DATA FOR THIS EXERCISE

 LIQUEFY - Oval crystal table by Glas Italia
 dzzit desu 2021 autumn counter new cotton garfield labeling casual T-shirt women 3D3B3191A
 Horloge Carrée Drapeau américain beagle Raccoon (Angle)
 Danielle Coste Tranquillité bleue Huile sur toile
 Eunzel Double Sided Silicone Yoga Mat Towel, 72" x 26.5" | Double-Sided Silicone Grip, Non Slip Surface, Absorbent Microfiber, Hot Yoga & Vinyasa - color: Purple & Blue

---

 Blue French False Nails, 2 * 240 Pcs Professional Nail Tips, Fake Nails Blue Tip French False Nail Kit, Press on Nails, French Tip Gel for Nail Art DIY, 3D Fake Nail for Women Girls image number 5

PROBLEM DETAILS
In the listing above, the lines from the one containing "dzzit desu 2021" through the one containing "Eunzel Double Sided" must be set down exactly, with no other lines.

TASK OUTPUT
 dzzit desu 2021 autumn counter new cotton garfield labeling casual T-shirt women 3D3B3191A
 Horloge Carrée Drapeau américain beagle Raccoon (Angle)
 Danielle Coste Tranquillité bleue Huile sur toile
 Eunzel Double Sided Silicone Yoga Mat Towel, 72" x 26.5" | Double-Sided Silicone Grip, Non Slip Surface, Absorbent Microfiber, Hot Yoga & Vinyasa - color: Purple & Blue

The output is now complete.